I recently posted on the difference between Focus Groups and Usability Tests. Today, I’ll outline some tips to ensure your Usability Testing sessions reveal valuable insights.
Put users at ease
It’s simply not natural to work at a computer while a stranger sits beside you asking questions. So making subjects feel comfortable is challenging. But it’s critical: Flustered or self-conscious users don’t make good subjects!
Open by explaining how the tests will work. Steve Krug has a very good introductory script you can use.* The most important points to communicate are:
- We’re testing a website to see if it works as intended.
- We’re not testing you. There are no wrong answers.
- Try to think out loud as you work through the tasks.
- We need your honest responses. Don’t worry about hurting our feelings.
You’ll also want to explain some logistics, like what’s being recorded, who’ll see the recordings, and what they’ll be used for.
Other pointers include:
- Dress and act casually.
- Be friendly and relaxed, not authoritarian or robotic.

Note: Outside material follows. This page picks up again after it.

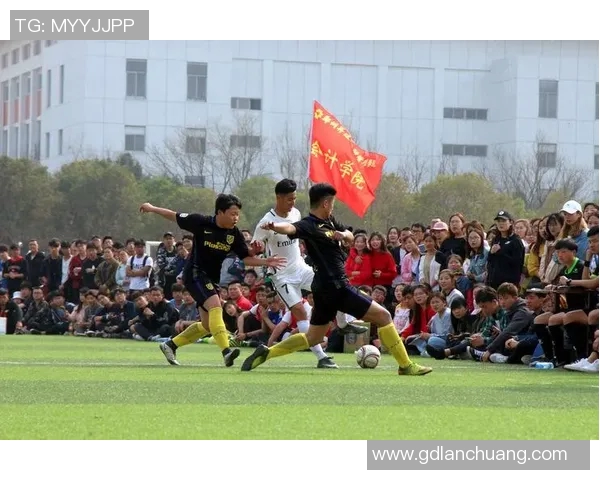 足球场上的友谊与团结最和睦的足球明星们共同谱写的温暖故事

- A little levity can cut the tension. Crack the odd joke if it’s in your nature.
- Start with some easy warm-up questions, to get subjects talking. Then once the actual tests begin, start with an easy task to build subject confidence.
- Unless the client insists on video of the subject’s face, eliminate the camera. It can make users nervous.

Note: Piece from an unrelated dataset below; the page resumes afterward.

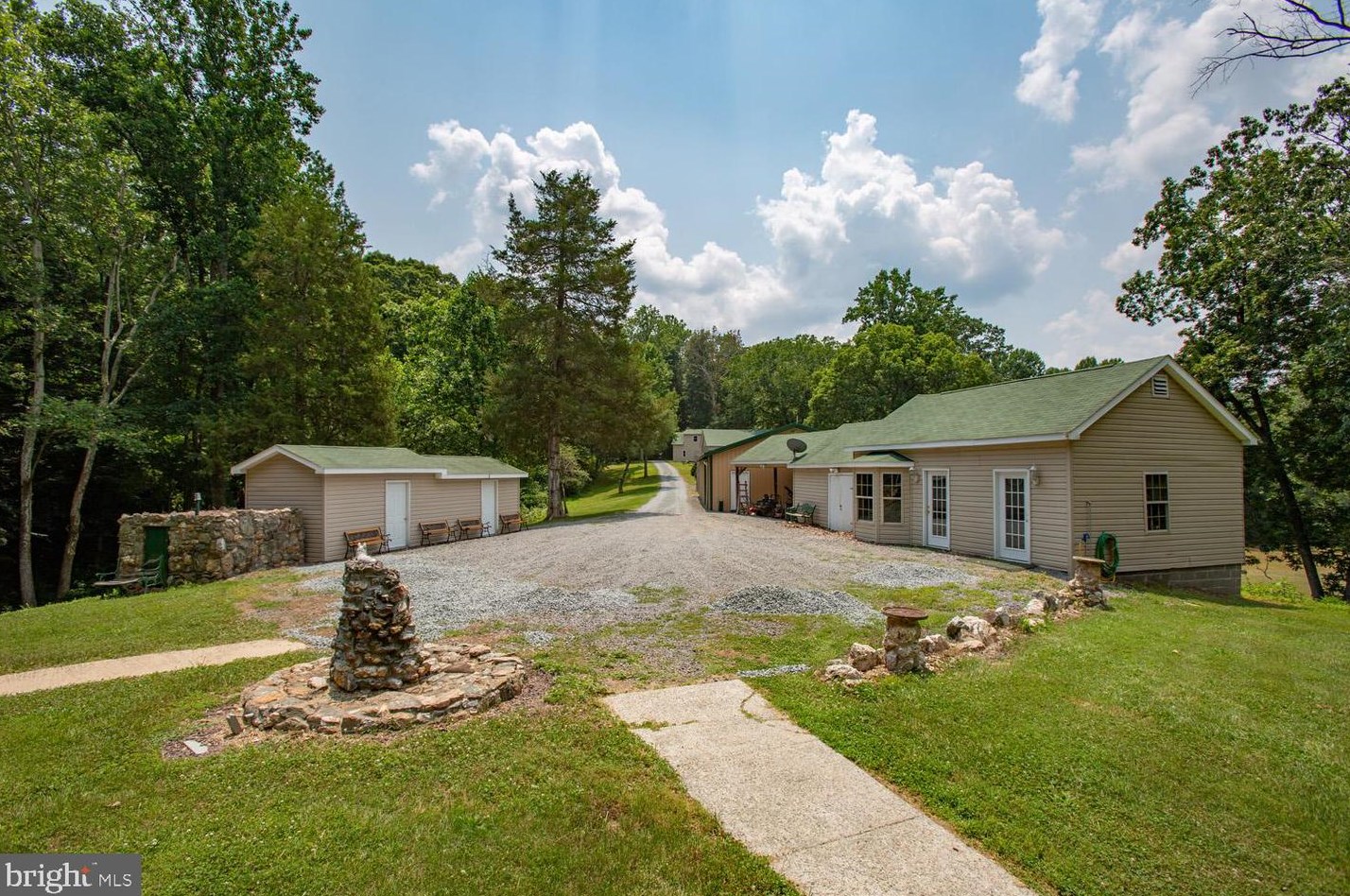 3390 Pannell Ln, Culpeper, VA 22701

- If a user can’t perform a task, ensure they know it’s the website’s fault, not theirs.
- Remain positive throughout. Don’t show frustration if users can’t complete simple tasks or if they ask “stupid” questions. Always act like everything’s going well.
Your goal should be to find usability problems, not to prove that a site has poor (or great) usability.

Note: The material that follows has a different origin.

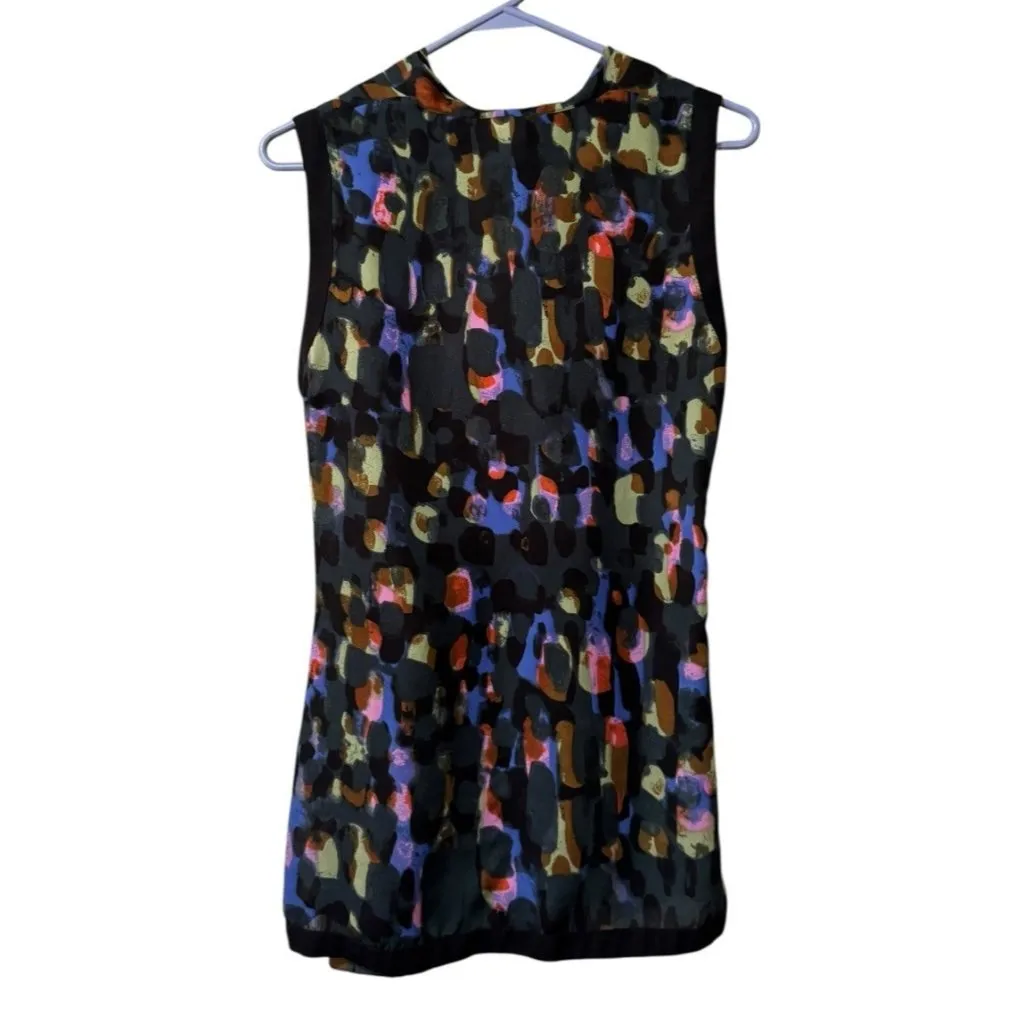 Cabi Sleeveless Tiered Blouse‎ Top Size Medium Colorful Polyester V Neck Modern - Image 2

Be careful how you word your tasks. Don’t don’t give subtle hints on how to complete them, or put words in the subjects’ mouths.
If subjects ask questions, the correct response is usually “What do you think?” or “Just do what you’d do if you were at home, on your own.”
For more, see my former post, “User Testing of Websites: Leave Your Agenda at Home“.
Go through your pre-defined tasks
Usually, you’ll start with the Home page. Remember that you’re not looking for subjects’ opinions.
For example, it’s tempting to ask about “first impressions”. But this question usually elicits comments about fonts, colors or the company logo… and this isn’t terribly useful information.
A better question is, “What does this company do?” Then you’ll find out whether the site quickly communicates its purpose. That’s useful information.
Next, move on to your specific, pre-written tasks. Read each task to the subject, plus give them a printed copy. Proceed to the next task when:
• They’re done (or they’ve clearly failed)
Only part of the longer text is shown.